Red-Crown Crane
Clarissa Sligh
Asheville, North Carolina
Red-Crown Crane, 2007
Digital photography
When asked to create an artwork that would incorporate, respond to, or transform white supremacist books, I felt that it was an invitation that I, as an African American artist, could not turn down.
Struggling to deal with seeing and handling the books, a memory came to me of having seen thousands of origami cranes while visiting the Hiroshima Peace Memorial Park in Japan. Origami cranes had become symbols of peace.
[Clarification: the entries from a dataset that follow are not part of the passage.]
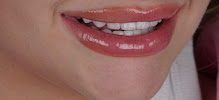 Perfect Smile Experience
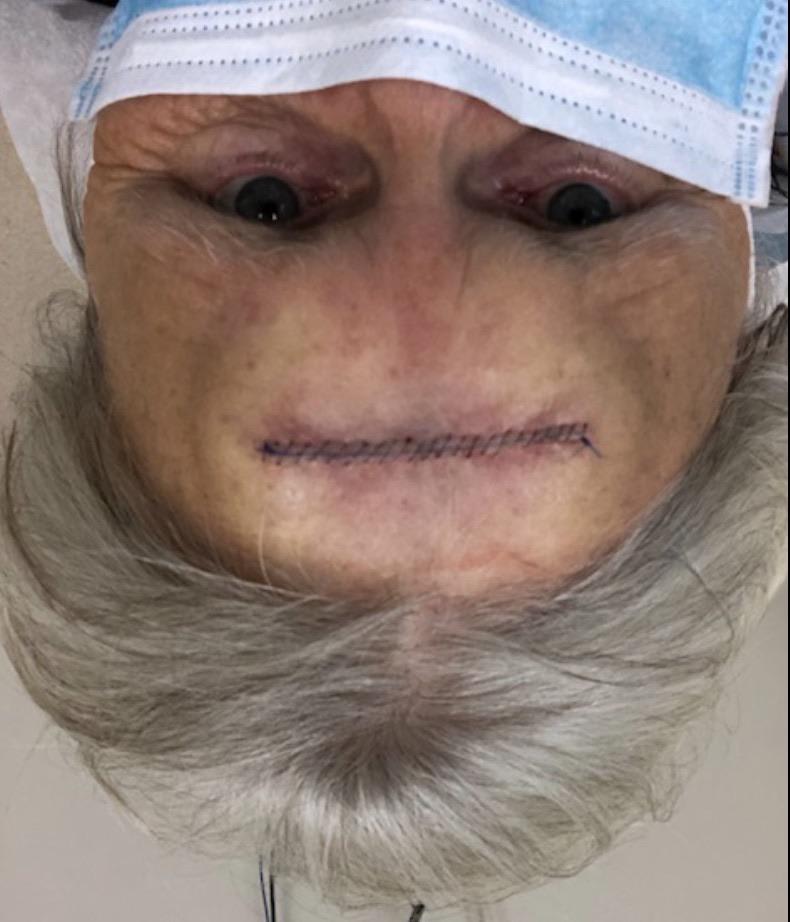 PsBattle: This woman who had skin surgery who sent her child a picture of her upside down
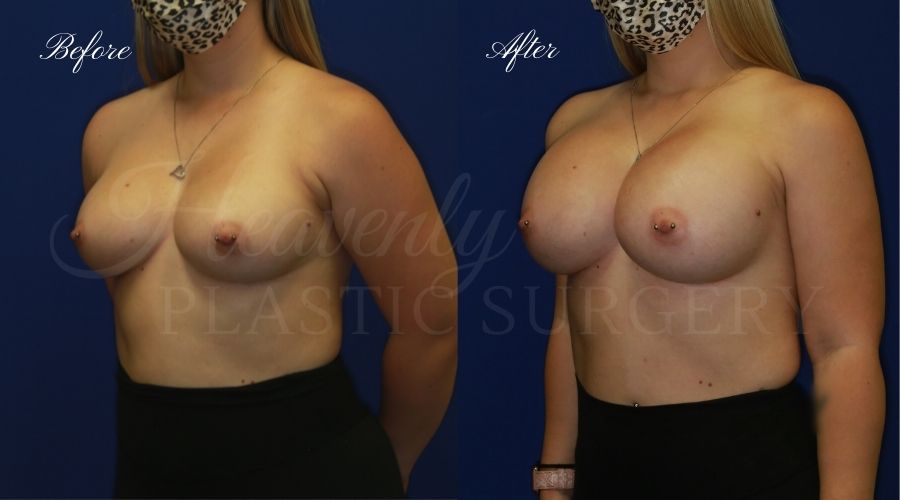 breast augmentation, breast augmentation surgery, breast augmentation surgeon, breast augmentation orange county, breast augmentation with silicone implants, sientra implants, boob job, boob job surgeon, breast implant surgeon, plastic surgery orange county, lake forest plastic surgeon, breast augmentation lake forest, south oc plastic surgeon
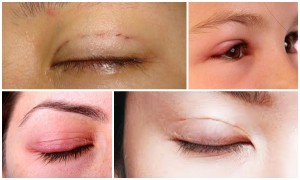 Cách giải quyết những tác hại của việc nhấn mí mắt 2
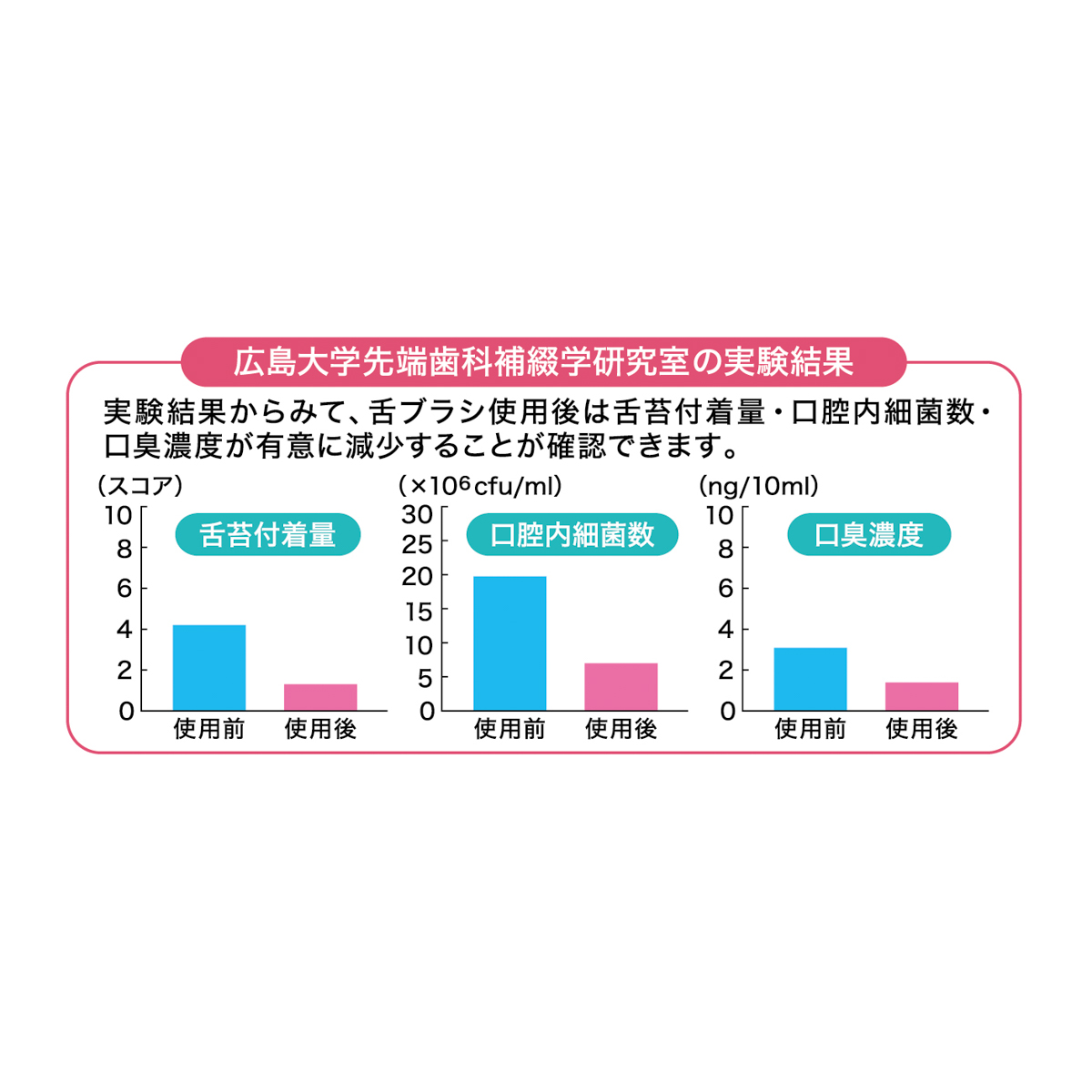 松本金型　新感覚舌ブラシ したつつみNEO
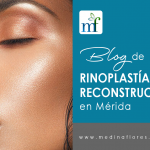 rinoplastia reconstructiva en Mérida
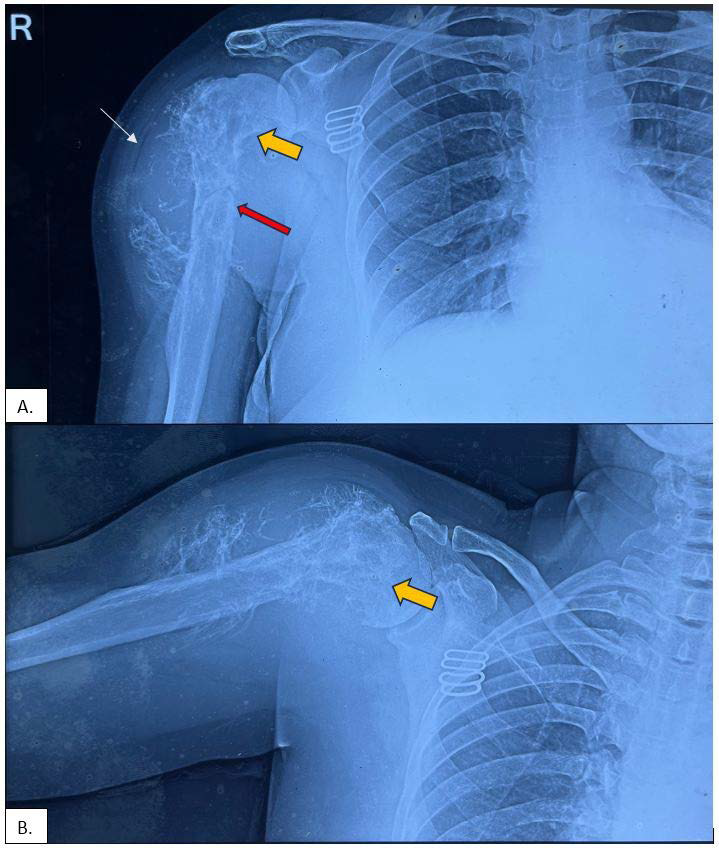 38-year-old female with desmoplastic fibroma in the right proximal humerus.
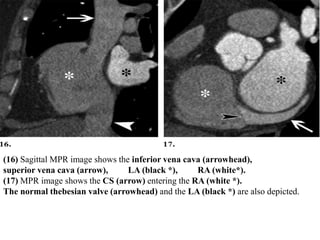 (16) Sagittal MPR image shows the inferior vena cava (arrowhead),
superior vena cava (arrow), LA (black *), RA (white*).
(17) MPR image shows the CS (arrow) entering the RA (white *).
The normal thebesian valve (arrowhead) and the LA (black *) are also depicted.
 
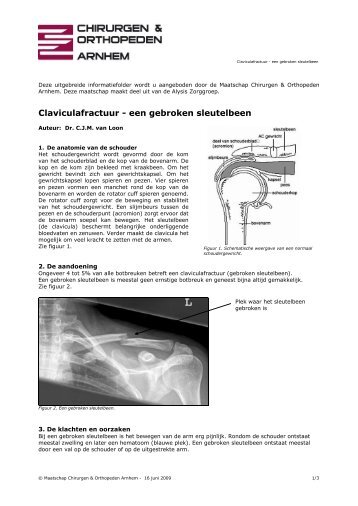 Claviculafractuur - een gebroken sleutelbeen - Website Chirurgen ...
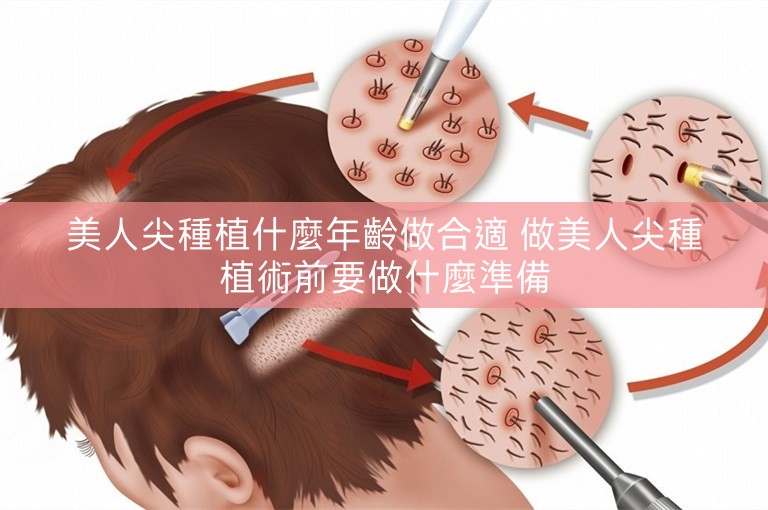 美人尖種植什麼年齡做合適 做美人尖種植術前要做什麼準備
I learned to turn the pages of the books into origami cranes. My fingers were stiff and clumsy. My folds were irregular, imprecise, but I continued folding.
Bio
When Clarissa Thompson Sligh was 15 years old, she became the lead plaintiff in the 1955 school desegregation case in Virginia (Clarissa Thompson et. al. v. Arlington County School Board). From that moment forward, her work as a student and as a professional –first in math/science working for NASA, later in business, and finally, in the arts –has taken into account change, transformation, and complication: themes that related to her experiences fostering social justice. Sligh was born in Washington, D.C., raised in Arlington, Virginia, and was a faculty member at New York University and the University of Pennsylvania. She currently lives and works in Asheville, North Carolina.